Write a scraper in either python or NodeJS to collect data from Wikipedia about the top cities in the United States. The fields you collect, as well as the volume of data is up to you, but ideally you add additional data beyond the initial table, such as data found on the individual city pages, or other sources of your choice. The final format should be a CSV file that is ready to be uploaded to a BigQuery table. Please read Bigquery’s Manual to prepare your CSV in the right format. Intermediary steps, environments or processes necessary to run the scraper should be documented in code as well as a Readme.md and hosted on github in a repo devoted to this assignment


In [1]:
import requests
from bs4 import BeautifulSoup
import pandas as pd
import urllib.request

## 1. Introduction
This web-scraper is my submission to Topos coding round for the Data Engineering Internship.  
It fetches the population data of top 314 U.S. Cities from Wikipedia.  
To be specific, from the below link:  
https://en.wikipedia.org/wiki/List_of_United_States_cities_by_population

Additionally, it fetches the historical population trend from each of the top 314 cities by scraping the sub-links from the above url.  

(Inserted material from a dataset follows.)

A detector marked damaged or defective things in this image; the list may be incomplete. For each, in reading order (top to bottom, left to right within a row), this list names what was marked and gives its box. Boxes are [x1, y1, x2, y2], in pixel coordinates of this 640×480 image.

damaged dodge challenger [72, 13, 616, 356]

There are some cities (for example: Anaheim, California) where the historical population is not present in the Wikipedia webpage. In such cases, the program will notify the user.  

Ultimately, we get two tables:  
1. cities_main which contains population of top 314 cities
2. cities_hist which contains historical population trend of top 314 cities


## 2. cities_main table
Fetches the data from https://en.wikipedia.org/wiki/List_of_United_States_cities_by_population  
Snapshot below:  

![alt text](main.png "List of cities by population")

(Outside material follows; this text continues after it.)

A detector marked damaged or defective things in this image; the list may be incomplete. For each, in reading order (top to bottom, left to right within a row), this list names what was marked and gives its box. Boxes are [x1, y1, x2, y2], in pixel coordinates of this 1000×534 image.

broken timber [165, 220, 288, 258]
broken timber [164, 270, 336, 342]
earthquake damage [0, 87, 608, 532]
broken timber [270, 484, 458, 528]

### 2.1 Set-up BeautifulSoup

In [2]:
url = 'https://en.wikipedia.org/wiki/List_of_United_States_cities_by_population'
domain='https://en.wikipedia.org'
req = urllib.request.urlopen(url)
article = req.read().decode()

# Load article, turn into soup and get the <table>s.
soup = BeautifulSoup(article, 'html.parser')
tables = soup.find_all('table', class_='wikitable sortable')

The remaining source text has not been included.